## What the exercise asks:
Set down exactly the lines from the one containing "North Duang Go Round Set B Photocard" to the final line of the records below, with every picture omitted.

## Data for analysis:
··········
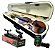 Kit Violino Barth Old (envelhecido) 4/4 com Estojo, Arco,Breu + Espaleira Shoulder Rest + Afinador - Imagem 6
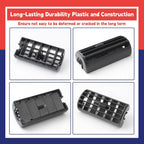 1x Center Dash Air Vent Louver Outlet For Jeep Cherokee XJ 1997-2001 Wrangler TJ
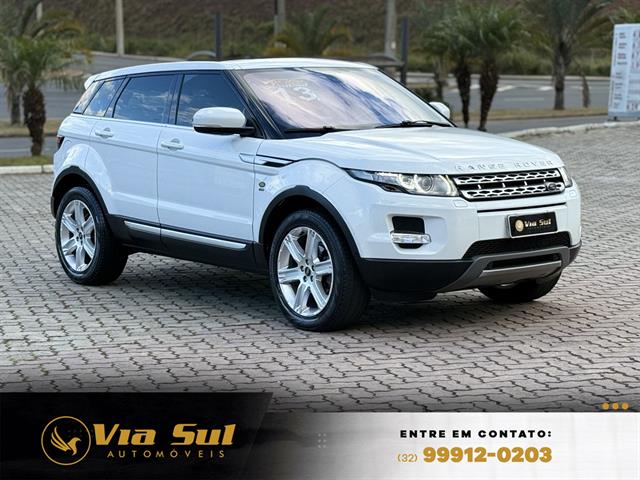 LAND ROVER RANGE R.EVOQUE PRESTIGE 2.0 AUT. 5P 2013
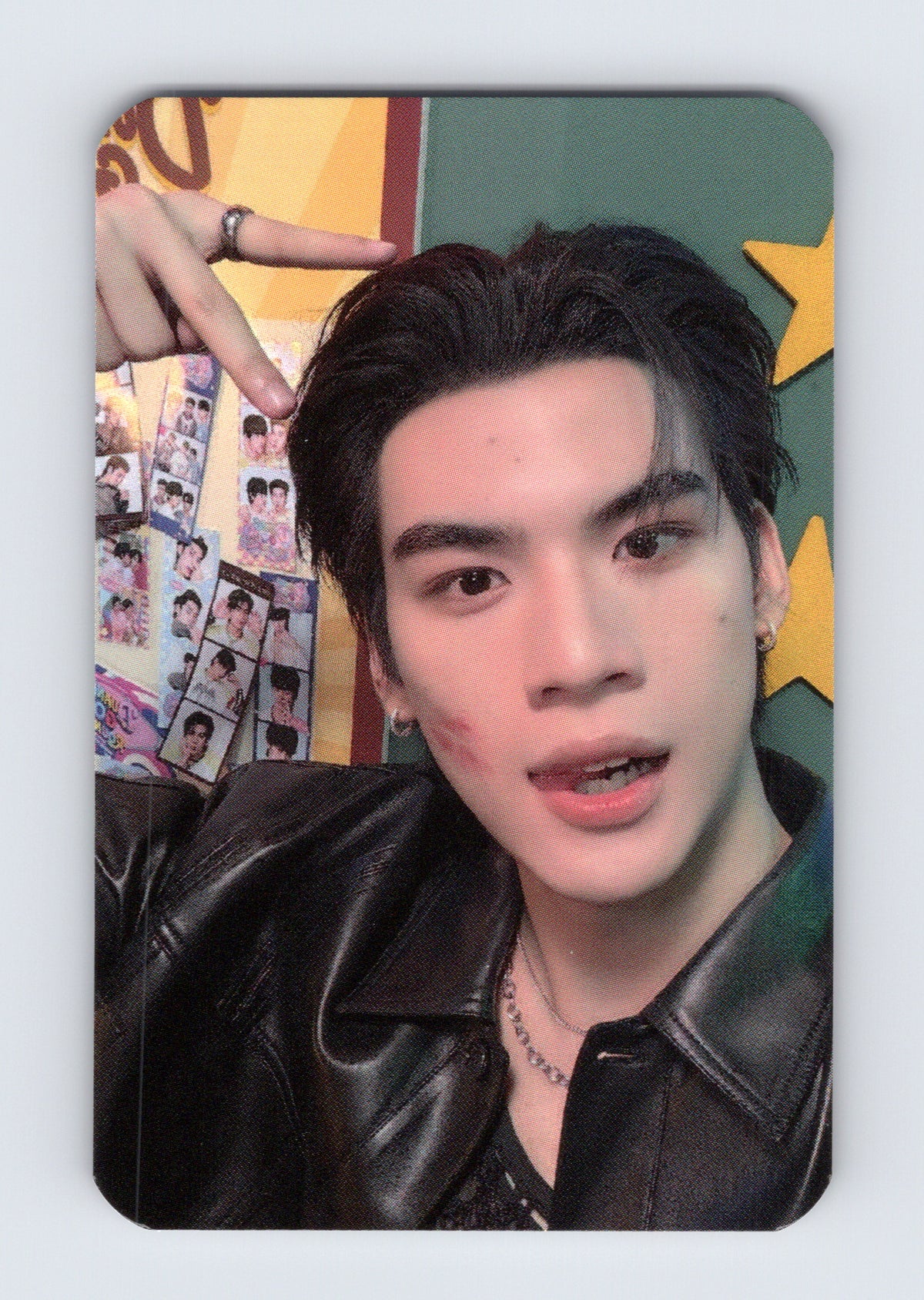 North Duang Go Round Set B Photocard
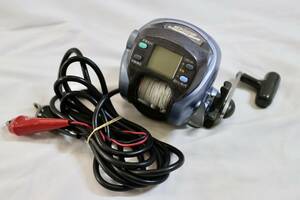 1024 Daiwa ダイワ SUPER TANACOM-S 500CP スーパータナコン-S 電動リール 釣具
··········
## Written reply:
 North Duang Go Round Set B Photocard
 1024 Daiwa ダイワ SUPER TANACOM-S 500CP スーパータナコン-S 電動リール 釣具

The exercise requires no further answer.